La experiencia de culpa la tenemos todos. Somos personas, pero no autosuficientes, por lo que debemos responder de nuestra existencia, y además no siempre nuestro comportamiento es bueno ni responsable.
La falta, percibida por el no creyente como culpa ante su conciencia, adquiere para el creyente la calificación de pecado. La razón es la relación del creyente con Dios. No existe pecado, en el pleno sentido de la palabra, más que en referencia a Dios y a la vida a la que Él nos llama. Pero de una manera u otra, todos somos llamados por Él y por ello hemos de responder de nuestras malas acciones.
El sentimiento de culpabilidad puede ser muy valioso, porque con sus premoniciones impide el mal obrar y con el malestar consiguiente me apremia a desaprobar lo injusto y evitarlo en lo sucesivo. Todo ser humano lleva en sí abundante material para unos sentimientos de culpabilidad justificados, en cuanto nos recuerdan que hemos hecho el mal y omitido el bien.
Pero ante nuestra culpa podemos reaccionar con remordimiento o arrepentimiento. La diferencia fundamental entre ambos está en la aceptación o no de la gracia divina y de la esperanza que lleva consigo.
El remordimiento es ese estado anímico malsano del hombre que no puede aceptar el hecho de haber cometido una falta, pero rechaza la conversión. El remordimiento genera angustia, en cuanto se fija sobre todo en uno mismo y se aleja de los demás, dejándole bloqueado en el sentimiento de culpabilidad, haciéndole persistir en el pecado y llevando incluso hasta la desesperación.
En cambio el auténtico creyente arranca los remordimientos de raíz; y como ha puesto su confianza y esperanza en Dios, sabe que nada es irremediable y pone su falta ante un Dios que nos reconcilia, nos concede el perdón y nos ha prometido la salvación. Pero en el sacramento de la penitencia se buscan también otras cosas: el deseo de "ponerse en regla" y volver a encontrar la perdida paz interior.
El auténtico arrepentimiento hace del culpable un responsable que afronta su falta con lucidez y humildad y le lleva a una actitud positiva de saber pedir perdón e intentar reparar el mal cometido, superando tanto el convencimiento de que el perdón es automático, con lo que se niega la exigencia moral y nos concedemos así un cierto derecho a la falta, como el simple lamento sobre el comportamiento pasado incorrecto, con un auténtico dolor por el sufrimiento que he ocasionado al prójimo.

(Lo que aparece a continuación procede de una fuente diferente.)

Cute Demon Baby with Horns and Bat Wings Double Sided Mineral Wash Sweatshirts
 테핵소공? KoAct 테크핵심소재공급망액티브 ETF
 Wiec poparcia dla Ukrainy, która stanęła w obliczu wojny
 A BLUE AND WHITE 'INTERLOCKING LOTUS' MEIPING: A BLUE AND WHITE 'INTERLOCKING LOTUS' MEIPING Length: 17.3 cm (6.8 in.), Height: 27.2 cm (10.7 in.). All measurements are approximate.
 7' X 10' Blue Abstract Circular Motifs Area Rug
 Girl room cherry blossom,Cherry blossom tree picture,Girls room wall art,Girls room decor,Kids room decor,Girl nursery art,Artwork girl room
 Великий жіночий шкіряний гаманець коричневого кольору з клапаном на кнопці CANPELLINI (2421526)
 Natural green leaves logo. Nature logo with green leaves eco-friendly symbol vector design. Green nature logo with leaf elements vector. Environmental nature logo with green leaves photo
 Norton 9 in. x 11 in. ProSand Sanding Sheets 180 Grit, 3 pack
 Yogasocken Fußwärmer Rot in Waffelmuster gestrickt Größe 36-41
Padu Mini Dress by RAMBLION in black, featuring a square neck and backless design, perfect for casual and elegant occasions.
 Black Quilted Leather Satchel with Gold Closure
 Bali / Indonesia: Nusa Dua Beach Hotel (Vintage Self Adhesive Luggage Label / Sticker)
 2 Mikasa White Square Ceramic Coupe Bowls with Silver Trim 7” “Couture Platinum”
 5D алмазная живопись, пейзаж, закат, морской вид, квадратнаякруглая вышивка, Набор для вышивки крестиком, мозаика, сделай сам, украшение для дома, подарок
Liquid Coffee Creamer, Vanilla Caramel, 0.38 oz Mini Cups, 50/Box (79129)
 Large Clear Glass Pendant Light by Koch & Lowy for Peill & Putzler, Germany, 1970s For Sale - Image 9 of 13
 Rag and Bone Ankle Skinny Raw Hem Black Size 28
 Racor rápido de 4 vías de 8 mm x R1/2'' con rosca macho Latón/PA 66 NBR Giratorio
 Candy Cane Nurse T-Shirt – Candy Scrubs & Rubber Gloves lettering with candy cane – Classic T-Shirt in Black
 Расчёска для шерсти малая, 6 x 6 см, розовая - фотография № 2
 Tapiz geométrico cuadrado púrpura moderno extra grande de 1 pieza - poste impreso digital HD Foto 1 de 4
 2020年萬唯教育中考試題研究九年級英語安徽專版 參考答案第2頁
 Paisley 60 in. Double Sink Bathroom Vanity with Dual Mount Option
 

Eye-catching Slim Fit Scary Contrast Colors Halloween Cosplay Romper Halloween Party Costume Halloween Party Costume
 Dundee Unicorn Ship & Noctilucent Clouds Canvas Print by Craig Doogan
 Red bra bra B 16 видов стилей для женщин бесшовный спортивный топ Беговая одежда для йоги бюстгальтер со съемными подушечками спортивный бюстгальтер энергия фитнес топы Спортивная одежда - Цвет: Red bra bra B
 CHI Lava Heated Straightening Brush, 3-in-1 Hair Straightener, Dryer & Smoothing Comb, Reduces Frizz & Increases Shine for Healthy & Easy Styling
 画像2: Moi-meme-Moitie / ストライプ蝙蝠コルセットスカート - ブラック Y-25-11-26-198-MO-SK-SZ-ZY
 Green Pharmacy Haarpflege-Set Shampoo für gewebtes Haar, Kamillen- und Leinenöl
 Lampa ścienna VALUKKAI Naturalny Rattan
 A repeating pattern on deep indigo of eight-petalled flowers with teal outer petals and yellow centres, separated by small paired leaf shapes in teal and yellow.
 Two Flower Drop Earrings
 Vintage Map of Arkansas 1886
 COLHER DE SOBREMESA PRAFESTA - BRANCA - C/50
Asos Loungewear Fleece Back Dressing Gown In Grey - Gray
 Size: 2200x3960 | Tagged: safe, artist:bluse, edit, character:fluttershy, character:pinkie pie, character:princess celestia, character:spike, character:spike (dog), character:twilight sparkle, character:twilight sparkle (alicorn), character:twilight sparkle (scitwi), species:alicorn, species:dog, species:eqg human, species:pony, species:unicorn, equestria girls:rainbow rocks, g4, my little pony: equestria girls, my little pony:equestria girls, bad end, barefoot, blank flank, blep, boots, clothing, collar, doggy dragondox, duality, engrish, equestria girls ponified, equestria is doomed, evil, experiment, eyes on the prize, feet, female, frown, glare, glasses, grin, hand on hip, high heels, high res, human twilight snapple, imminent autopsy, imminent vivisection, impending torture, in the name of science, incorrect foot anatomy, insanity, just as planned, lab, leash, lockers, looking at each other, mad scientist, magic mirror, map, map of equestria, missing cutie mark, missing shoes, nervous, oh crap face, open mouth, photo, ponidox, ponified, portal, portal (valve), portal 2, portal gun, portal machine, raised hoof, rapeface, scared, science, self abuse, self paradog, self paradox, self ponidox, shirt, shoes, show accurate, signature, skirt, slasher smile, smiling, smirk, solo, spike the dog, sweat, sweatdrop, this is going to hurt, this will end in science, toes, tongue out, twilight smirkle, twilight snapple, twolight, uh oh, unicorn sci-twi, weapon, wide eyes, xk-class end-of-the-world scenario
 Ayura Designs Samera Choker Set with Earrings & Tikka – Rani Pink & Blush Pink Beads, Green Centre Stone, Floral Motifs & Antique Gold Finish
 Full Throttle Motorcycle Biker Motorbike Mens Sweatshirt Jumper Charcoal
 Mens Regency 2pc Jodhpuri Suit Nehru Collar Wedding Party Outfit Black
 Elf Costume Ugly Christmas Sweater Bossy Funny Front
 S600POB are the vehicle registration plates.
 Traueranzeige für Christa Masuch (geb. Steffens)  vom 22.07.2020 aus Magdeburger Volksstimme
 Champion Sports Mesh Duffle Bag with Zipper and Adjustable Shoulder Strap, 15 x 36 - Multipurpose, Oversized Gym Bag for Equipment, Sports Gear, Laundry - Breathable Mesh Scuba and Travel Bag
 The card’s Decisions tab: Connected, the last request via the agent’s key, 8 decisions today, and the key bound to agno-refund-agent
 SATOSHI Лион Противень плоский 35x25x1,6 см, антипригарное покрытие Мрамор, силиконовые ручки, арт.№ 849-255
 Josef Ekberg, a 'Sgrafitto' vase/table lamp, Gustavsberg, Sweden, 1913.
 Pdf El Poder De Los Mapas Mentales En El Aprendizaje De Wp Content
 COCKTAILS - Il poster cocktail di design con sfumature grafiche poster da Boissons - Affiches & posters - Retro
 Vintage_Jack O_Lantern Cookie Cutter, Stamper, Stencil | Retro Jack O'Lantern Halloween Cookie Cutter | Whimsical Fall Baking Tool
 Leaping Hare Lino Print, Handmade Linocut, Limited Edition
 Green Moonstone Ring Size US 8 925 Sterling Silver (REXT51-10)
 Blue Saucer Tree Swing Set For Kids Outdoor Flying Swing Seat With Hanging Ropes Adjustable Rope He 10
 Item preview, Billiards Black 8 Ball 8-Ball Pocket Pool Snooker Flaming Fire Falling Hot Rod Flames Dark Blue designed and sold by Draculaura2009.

El arrepentimiento solo no aporta nada. No hay regeneración por el simple arrepentirse, se requiere el perdón de aquel contra quien se ha pecado. La única receta eficaz es la que vemos descrita en Lc 22, 61-62, cuando el Señor le mira con una mirada de infinita misericordia y amor que hace que Pedro se arrepienta. Pedro vive el drama de su pecado bajo el signo de la relación interpersonal, que le lleva a una reacción de amor y esperanza, mientras que en Judas por el contrario hay una supresión progresiva y acelerada de toda relación con los demás, que le hace cerrarse en sí mismo en una angustia egocéntrica donde su energía física acaba volviéndose autoagresiva. El remordimiento lleva a Judas a la desesperación, no a la conversión (Mt 27, 5).
El arrepentimiento implica una auténtica separación del pecado y orientación hacia Dios, expresión de una actitud que se realiza en el núcleo más íntimo de la persona y que es una verdadera opción fundamental buena, porque supone la aceptación de la gracia divina, que lleva también consigo la reparación y el nuevo actuar no culpable. El sacramento de la penitencia me quita un peso de encima, me asegura la reconciliación y me llena de esperanza y alegría.
No nos quepa la menor duda de que la seguridad del perdón, que nos da la fe, constituye un motivo extraordinario de alivio, superación de la angustia, conformidad consigo mismo y esperanza. El sacramento asegura un equilibrio de vida, que supone ventajas psíquicas, cuando es rectamente entendido e inspira nuestras relaciones con Dios quitando el miedo y dándonos confianza y gratitud, si bien su objetivo primero es el estado de pecado y no una situación patológica. Pero indudablemente la experiencia de la penitencia como reconciliación contribuye poderosamente a la salud espiritual tanto de los individuos como de las comunidades cristianas.